The Colts made it two road wins in a row against two of their chief rivals for the AFC title, the Denver Broncos and the Patriots, by forcing five turnovers, the last an interception by Cato June that sealed a 27-20 victory in Foxboro.
"Peyton Manning got help from an unlikely source -- his defense -- and the Colts remained the NFL's only unbeaten team," read the lead of Howard Ulman's game story for the Associated Press.
"Peyton Manning piled up the big numbers but the Indianapolis Colts' much-maligned defense made a bunch of the big plays Sunday as it contributed five takeaways to the Colts' 27-20 victory over the New England Patriots at rowdy, chilly Gillette Stadium," wrote Phil Richards in the Indianapolis Star.
">Bob Kravitz. "Well, of course you know; everybody in America saw this game. But it bears repeating here: Defense won this game."
"Stats lie," Colts defensive end Dwight Freeney told reporters after the game. "You guys write all that stuff about how we can't stop the run, how we're no good," Jason Cole of Yahoo Sports quoted him saying. "What we understand is that whatever we had to do to get the ball back for our offense, that's what we have to do."
OK. Celebrate away, Colts defense. But if the rest of you want a more accurate picture of the game you might want to skip the Indy papers and check the blats in Beantown. They talked less about the Indianapolis defense and more about Peyton Manning and the Colts' dynamite offense, plus an uncharacteristically sloppy night by the Patriots, particularly quarterback Tom Brady.
Stats don't really lie, but they can be misinterpreted. It's no lie that the Colts defense, among the worst in the league but supposedly all better now, allowed the Pats to rack up 349 yards and 24 first downs, virtually identical numbers to the 354 and 24 the Colts amassed on what everyone seems to agree was another great night for Manning.
It's the truth that the Patriots went a robust 9-for-15 trying to convert third and fourth downs. It's not dissembling to say the Patriots were able to run for 4.5 yards a pop. It's also not a lie to say the Colts held Brady to an anemic 5.7 yards per throw, though there were some unforced drops.
If there's a lying stat coming out of Monday's game, or at least a bad interpretation, it's this one: The Colts forced five turnovers, so therefore they played good defense.
And extrapolating from that, as Kravitz did, they can go 16-0. Bob Ryan of the Boston Globe also likes the Colts' chances of an undefeated run, though he didn't really praise the defense, correctly pointing out that the Colts win by outscoring people.

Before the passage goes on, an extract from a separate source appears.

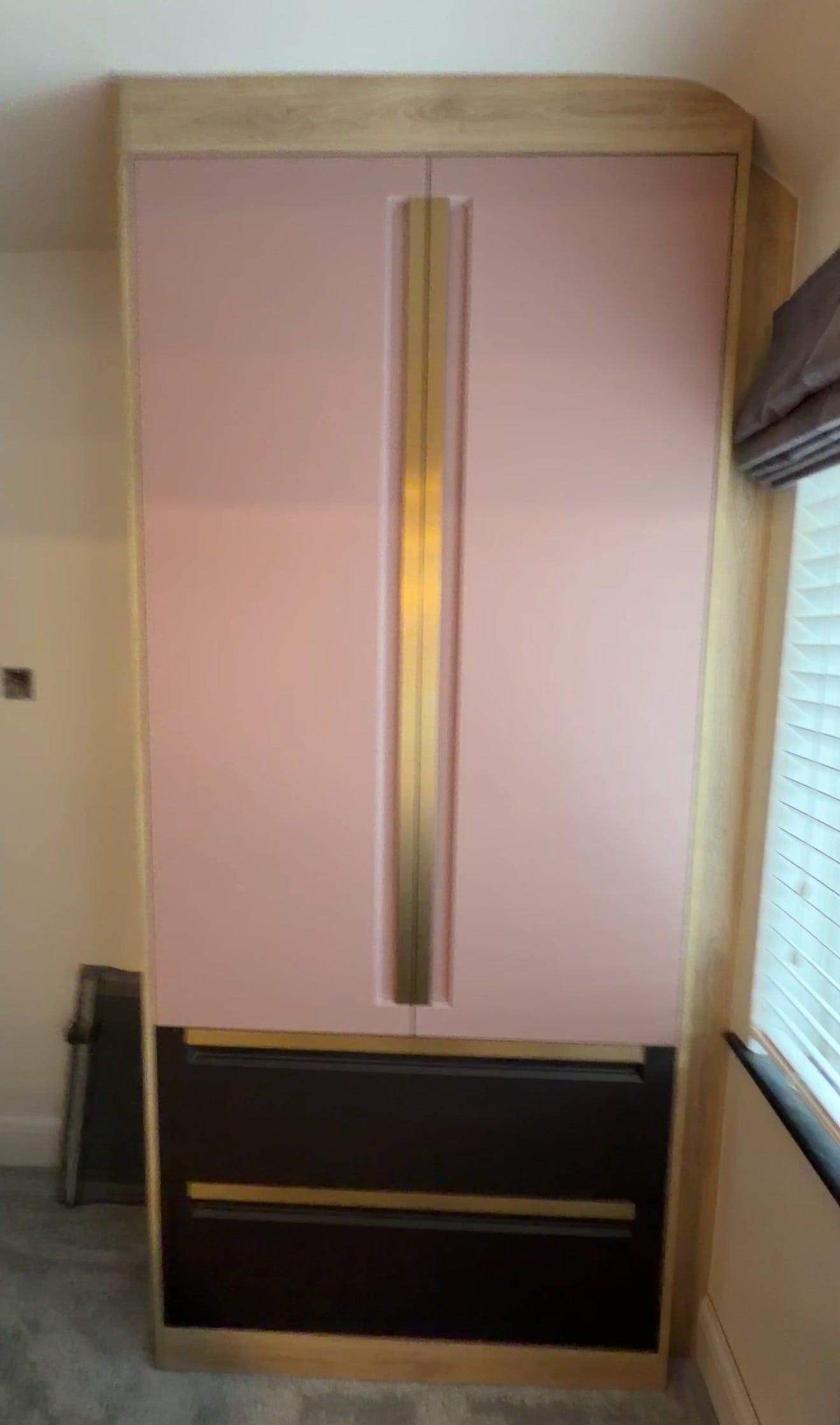 Tall dusky pink Manhattan cupboard with its built-in brass handle over coffee supermatt drawers, in the same Bramcote office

What happened was that the Colts showed again that they really can't stop the run, but they made some nice plays and, most importantly, got a lot of the bounces.
Let's look at Brady's four interceptions:
1. Brady way overthrows Doug Gabriel deep down the left sideline with no score in the first quarter. It was good coverage, but Brady had no business throwing the ball, and then when he did throw it he made a horrible throw. Good defense kept it from being a completion, but bad offense turned it into a turnover.
2. Late in the half, Indy leading 17-14, Brady throws deep into coverage again, this time to tight end Benjamin Watson, who's well covered by linebacker Gary Brackett. Brady overthrows it just a bit, but he puts it where only Watson can catch it. Watson leaps and the ball tips off his hands and -- pure luck -- ricochets to safety Bob Sanders, who makes a nice play to hang on for the interception. But without that lucky bounce, Sanders' contribution to the play would have been to land on a fallen Watson at the 3-yard line.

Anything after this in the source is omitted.